Directions:
What should be copied is the stretch of entries below from the line with "Presentation with fusion" up to and including the line with "Stupell Industries Pastel", exactly and without images.

Stored data:
== Segment start ==

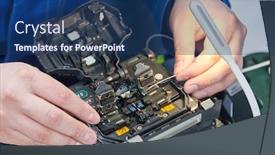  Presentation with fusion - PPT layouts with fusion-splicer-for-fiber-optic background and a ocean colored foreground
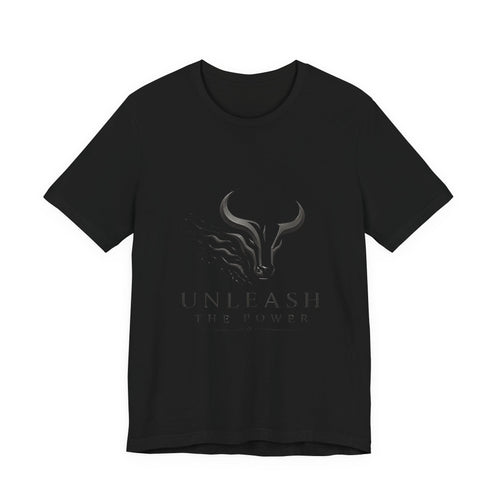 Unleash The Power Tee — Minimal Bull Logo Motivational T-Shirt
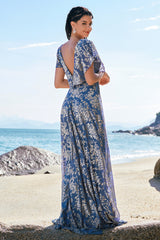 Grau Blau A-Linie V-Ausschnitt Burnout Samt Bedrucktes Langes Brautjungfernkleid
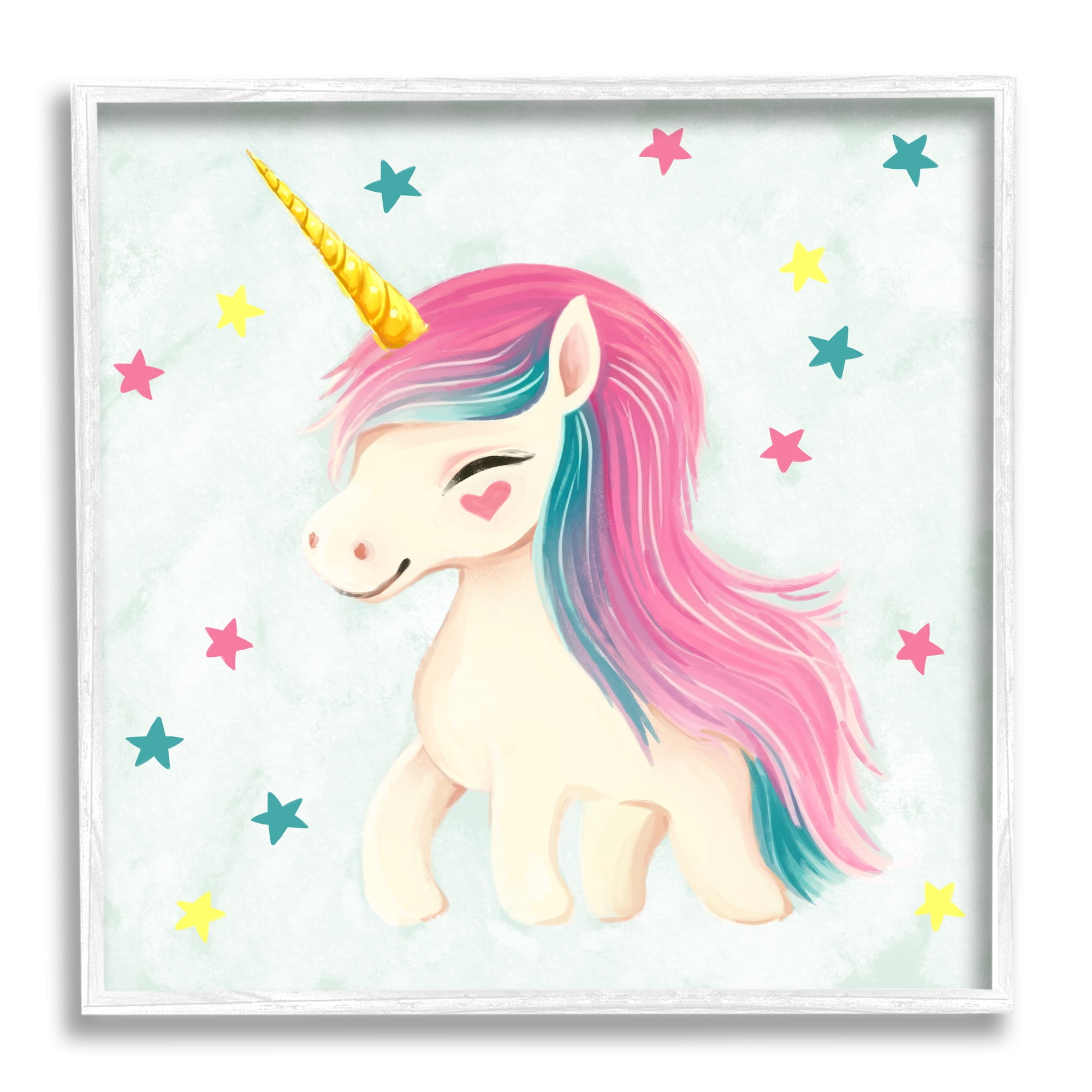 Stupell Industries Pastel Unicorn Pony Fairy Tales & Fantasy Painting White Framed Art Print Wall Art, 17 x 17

== Segment end ==
== Segment start ==

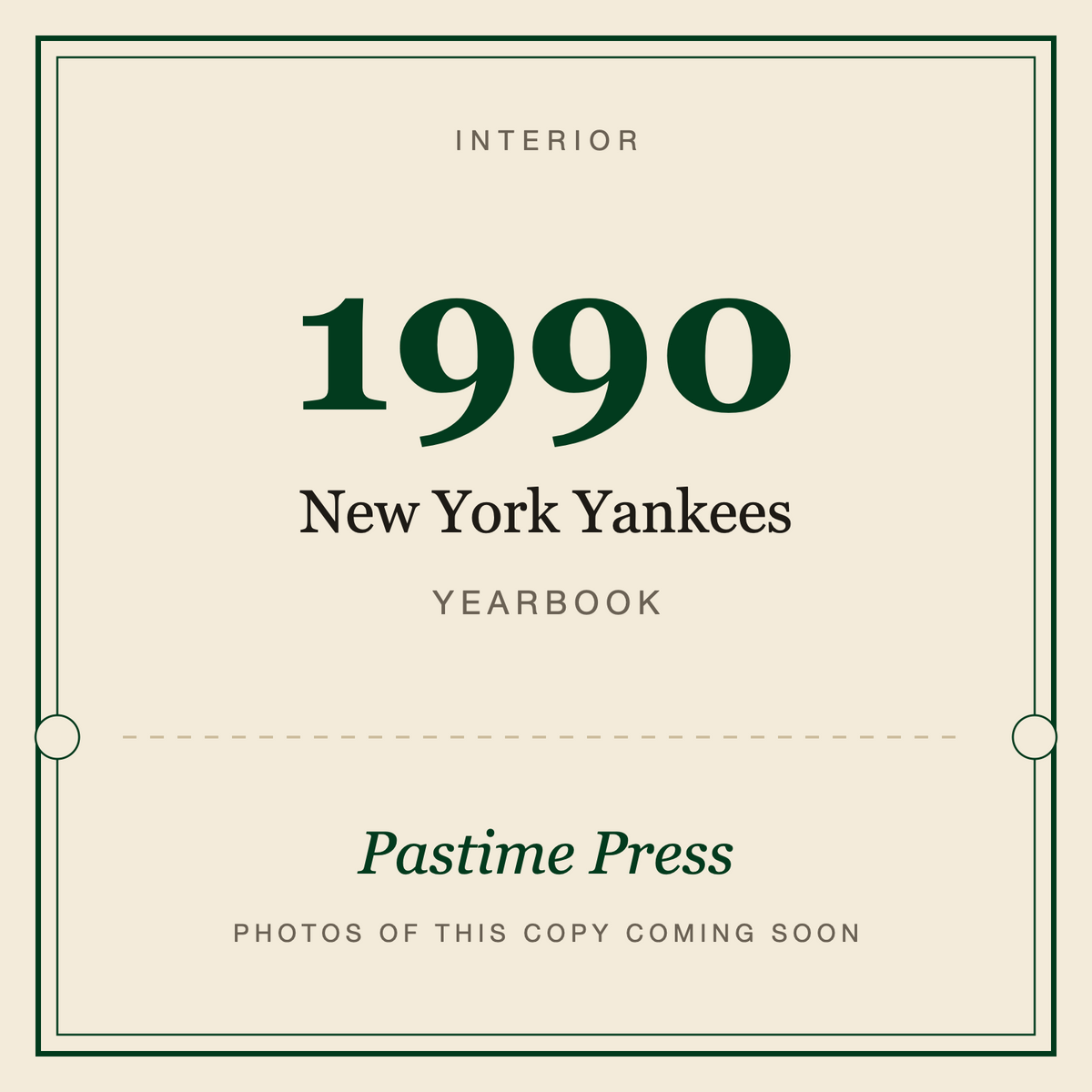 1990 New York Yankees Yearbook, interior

== Segment end ==
== Segment start ==

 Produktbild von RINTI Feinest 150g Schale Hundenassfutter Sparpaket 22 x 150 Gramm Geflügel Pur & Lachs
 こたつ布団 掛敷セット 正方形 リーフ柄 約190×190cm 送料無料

== Segment end ==

Solution:
  Presentation with fusion - PPT layouts with fusion-splicer-for-fiber-optic background and a ocean colored foreground
 Unleash The Power Tee — Minimal Bull Logo Motivational T-Shirt
 Grau Blau A-Linie V-Ausschnitt Burnout Samt Bedrucktes Langes Brautjungfernkleid
 Stupell Industries Pastel Unicorn Pony Fairy Tales & Fantasy Painting White Framed Art Print Wall Art, 17 x 17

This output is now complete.